“Graham Hoppe’s Gone Dollywood places Dolly Parton’s theme park, persona, and career within a broader history of the collisions of fact and fantasy, folk and celebrity, and art and commerce that have buffeted the Tennessee mountains Dolly calls home. Like Parton herself, the book is disarmingly open and friendly on its surface, with an impressive core of smart and savvy.”
Gone Dollywood
Dolly Parton isn’t just a country music superstar. She has built an empire. At the heart of that empire is Dollywood, a 150-acre fantasy land that hosts three million people a year. Parton’s prodigious talent and incredible celebrity have allowed her to turn her hometown into one of the most popular tourist destinations in America. The crux of Dollywood’s allure is its precisely calibrated Appalachian image, itself drawn from Parton’s very real hardscrabble childhood in the mountains of east Tennessee.
What does Dollywood have to offer besides entertainment? What do we find if we take this remarkable place seriously? How does it both confirm and subvert outsiders’ expectations of Appalachia? What does it tell us about the modern South, and in turn what does that tell us about America at large? How is regional identity molded in service of commerce, and what is the interplay of race, gender, and class when that happens?

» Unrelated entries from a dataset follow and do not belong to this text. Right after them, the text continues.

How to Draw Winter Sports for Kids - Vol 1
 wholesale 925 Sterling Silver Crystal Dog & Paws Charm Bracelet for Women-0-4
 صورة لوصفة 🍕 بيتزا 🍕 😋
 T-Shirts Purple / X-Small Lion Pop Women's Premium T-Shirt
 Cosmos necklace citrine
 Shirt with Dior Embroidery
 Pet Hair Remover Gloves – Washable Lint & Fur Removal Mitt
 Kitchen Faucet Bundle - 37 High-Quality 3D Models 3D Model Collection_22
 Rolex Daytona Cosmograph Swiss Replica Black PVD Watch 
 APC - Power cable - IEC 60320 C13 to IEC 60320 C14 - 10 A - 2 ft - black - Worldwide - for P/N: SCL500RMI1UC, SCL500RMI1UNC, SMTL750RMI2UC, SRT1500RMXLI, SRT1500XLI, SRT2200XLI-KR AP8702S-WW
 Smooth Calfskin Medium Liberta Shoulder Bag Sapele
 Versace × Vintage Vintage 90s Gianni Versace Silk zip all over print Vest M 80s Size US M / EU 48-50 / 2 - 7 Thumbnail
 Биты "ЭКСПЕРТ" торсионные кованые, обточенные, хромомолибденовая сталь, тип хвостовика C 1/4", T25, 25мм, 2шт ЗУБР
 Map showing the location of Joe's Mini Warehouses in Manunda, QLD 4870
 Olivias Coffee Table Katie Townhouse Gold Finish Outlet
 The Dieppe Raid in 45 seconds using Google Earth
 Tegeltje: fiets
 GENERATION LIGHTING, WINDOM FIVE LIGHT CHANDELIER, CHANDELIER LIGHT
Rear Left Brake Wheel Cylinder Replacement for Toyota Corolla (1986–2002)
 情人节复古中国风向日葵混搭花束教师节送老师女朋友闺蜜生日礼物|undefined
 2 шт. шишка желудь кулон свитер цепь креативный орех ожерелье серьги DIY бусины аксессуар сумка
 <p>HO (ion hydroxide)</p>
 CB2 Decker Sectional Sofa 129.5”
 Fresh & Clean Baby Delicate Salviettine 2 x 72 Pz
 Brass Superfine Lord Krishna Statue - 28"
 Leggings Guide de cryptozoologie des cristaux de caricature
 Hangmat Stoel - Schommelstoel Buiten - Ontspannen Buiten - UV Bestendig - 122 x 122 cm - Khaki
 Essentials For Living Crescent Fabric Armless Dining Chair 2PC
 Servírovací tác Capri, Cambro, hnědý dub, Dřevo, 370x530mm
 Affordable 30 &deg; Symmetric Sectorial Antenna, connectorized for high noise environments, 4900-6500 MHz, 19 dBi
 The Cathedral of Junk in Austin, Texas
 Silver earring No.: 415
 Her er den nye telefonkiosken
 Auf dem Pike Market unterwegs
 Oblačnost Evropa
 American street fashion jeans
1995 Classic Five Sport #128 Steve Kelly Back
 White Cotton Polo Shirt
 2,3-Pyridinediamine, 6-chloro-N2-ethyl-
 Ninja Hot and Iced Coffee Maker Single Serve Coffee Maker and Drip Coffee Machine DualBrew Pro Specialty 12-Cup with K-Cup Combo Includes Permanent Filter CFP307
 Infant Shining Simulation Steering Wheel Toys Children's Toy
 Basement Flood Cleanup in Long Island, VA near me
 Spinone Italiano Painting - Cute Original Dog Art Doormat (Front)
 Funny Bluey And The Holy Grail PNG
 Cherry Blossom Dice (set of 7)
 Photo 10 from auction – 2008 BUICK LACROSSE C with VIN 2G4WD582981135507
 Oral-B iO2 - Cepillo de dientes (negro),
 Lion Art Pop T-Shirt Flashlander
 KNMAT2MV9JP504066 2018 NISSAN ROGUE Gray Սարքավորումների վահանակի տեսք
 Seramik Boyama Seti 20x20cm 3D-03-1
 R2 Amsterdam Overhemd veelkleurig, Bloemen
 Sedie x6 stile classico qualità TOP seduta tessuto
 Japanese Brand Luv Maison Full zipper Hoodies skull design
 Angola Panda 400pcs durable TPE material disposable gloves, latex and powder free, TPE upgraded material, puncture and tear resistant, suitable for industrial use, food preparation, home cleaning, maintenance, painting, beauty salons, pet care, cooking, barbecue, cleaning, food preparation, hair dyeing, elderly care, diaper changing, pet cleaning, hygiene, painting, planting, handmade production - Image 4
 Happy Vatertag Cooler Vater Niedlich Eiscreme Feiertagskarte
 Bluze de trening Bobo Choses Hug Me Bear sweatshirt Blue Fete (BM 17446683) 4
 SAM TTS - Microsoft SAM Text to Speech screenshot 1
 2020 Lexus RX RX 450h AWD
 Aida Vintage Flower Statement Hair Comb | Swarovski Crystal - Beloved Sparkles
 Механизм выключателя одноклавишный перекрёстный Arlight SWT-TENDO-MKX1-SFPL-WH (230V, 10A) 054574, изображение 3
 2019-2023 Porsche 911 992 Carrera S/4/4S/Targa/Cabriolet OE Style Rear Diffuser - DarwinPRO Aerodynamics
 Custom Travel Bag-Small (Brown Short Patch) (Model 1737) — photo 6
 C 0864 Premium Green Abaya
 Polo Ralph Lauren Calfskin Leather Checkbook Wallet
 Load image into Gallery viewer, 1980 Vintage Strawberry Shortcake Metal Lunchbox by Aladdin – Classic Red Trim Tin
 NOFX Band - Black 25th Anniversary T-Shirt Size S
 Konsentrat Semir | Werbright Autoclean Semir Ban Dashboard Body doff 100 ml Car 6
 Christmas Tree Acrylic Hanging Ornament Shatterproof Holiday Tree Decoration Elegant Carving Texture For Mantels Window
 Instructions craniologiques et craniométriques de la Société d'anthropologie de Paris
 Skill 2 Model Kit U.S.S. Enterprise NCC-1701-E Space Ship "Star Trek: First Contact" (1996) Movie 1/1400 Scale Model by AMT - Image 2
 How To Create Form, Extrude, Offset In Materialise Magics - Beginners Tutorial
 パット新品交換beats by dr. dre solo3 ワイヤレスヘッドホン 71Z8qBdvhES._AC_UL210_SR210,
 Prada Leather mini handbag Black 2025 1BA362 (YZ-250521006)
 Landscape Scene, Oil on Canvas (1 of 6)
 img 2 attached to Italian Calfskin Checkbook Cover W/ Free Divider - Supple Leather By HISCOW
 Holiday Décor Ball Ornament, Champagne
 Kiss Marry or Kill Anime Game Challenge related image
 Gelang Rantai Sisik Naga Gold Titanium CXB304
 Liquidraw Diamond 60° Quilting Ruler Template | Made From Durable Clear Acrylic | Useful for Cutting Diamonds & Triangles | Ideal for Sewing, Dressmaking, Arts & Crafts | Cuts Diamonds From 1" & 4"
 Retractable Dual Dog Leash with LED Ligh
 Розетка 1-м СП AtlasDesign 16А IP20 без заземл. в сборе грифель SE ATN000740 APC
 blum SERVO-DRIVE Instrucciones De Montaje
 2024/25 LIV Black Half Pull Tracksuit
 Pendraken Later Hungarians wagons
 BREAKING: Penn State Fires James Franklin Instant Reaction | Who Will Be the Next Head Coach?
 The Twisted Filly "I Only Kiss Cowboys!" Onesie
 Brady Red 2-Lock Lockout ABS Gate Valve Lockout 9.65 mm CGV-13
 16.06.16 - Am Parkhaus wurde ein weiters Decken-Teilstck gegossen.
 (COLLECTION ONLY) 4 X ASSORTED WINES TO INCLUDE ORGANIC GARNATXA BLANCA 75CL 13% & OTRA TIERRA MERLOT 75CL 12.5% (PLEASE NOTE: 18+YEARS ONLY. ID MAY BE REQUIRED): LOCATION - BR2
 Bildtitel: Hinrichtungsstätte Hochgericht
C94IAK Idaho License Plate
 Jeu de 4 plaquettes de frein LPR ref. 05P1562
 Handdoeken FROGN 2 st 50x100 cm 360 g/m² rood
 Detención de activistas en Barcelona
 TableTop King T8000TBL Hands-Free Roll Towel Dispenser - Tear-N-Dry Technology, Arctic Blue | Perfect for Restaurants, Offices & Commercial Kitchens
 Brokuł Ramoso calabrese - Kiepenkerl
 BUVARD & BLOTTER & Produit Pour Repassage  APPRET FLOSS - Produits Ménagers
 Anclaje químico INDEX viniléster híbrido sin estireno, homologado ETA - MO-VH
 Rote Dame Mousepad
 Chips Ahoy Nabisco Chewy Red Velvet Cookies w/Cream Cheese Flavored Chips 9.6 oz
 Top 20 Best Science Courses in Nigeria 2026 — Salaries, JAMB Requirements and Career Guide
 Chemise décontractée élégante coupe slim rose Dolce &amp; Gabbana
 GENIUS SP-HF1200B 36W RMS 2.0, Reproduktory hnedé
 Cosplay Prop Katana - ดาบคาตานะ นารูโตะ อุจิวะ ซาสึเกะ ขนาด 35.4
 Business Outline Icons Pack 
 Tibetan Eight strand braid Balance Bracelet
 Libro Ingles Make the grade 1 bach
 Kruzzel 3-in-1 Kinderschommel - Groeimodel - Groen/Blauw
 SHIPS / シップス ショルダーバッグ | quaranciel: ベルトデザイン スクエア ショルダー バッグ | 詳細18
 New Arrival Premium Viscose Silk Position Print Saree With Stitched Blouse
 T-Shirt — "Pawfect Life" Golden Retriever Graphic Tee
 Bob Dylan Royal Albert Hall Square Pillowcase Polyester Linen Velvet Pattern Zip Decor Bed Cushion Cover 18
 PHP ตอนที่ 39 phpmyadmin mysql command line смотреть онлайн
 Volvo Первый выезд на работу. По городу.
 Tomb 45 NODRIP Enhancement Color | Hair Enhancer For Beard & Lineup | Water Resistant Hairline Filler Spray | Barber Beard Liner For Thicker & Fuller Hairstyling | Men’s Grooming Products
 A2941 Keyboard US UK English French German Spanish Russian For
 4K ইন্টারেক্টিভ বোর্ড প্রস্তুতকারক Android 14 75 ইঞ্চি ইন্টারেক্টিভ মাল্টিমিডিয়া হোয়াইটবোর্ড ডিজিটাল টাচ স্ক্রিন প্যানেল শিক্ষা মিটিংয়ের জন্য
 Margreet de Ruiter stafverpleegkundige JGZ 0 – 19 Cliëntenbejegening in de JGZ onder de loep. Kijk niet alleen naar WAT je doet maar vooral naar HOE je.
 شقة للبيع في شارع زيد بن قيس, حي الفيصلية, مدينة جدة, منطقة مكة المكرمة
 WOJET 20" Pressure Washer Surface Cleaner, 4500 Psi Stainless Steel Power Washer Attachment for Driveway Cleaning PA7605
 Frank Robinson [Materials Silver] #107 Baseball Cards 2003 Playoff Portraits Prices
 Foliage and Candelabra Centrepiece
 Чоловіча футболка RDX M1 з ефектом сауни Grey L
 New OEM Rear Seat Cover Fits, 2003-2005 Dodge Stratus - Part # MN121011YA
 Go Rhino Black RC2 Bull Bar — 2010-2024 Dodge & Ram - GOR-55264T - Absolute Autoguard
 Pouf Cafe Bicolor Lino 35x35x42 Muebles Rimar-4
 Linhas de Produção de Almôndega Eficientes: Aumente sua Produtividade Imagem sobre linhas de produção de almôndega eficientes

In Gone Dollywood, Graham Hoppe blends tourism studies, celebrity studies, cultural analysis, folklore, and the acute observations and personal reflections of longform journalism into an unforgettable interrogation of Southern and American identity.
About
Graham Hoppe writes about culture and history with a focus on food, music, and tourism. He is a graduate of the folklore program at the University of North Carolina at Chapel Hill. While at UNC he studied topics such as Cracker Barrel, firehouse dinners, and parking garages. His first book, Gone Dollywood, is available now from Ohio University Press. Raised in Indianapolis, Indiana, Graham currently lives in Raleigh, North Carolina.